Choson Yesul
- Cover page (No. 6. 2017)
- Categories: Arts magazine
- Frequency: Monthly
- Publisher: Munhak Yesul Ch'ulp'ansa
- Founded: 1956
- Country: North Korea
- Based in: Pyongyang
- Language: Korean
- ISSN: 1727-9402
- OCLC: 7642464

= Choson Yesul =

North Korean monthly arts magazine

Choson Yesul is a monthly cultural and arts magazine which has been published since 1956 in Pyongyang, North Korea. It is an official media outlet of the state owned federation of the literary and artistic unions, namely the Korean Federation of Literature and Arts.

==History and profile==
Choson Yesul was launched in 1956 and is published on a monthly basis. The magazine is an official organ of the Central Committee of the Korean Federation of Literature and Arts. The headquarters is in Pyongyang.

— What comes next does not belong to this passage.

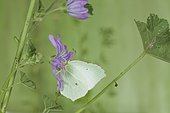 Brimstone (Gonepteryx rhamni) on flower, France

The publisher of Choson Yesul was Munhak Yesul Chonghap Ch'ulp'ansa from January 1995 to August 2001. From September 2001 the publisher was Munhak Yesul Ch'ulp'ansa. The magazine frequently features articles promoting the North Korean leadership. For instance, it published the articles about Kim Jong-il and his parents using visuals as a tribute to his birthday in the mid-1970s.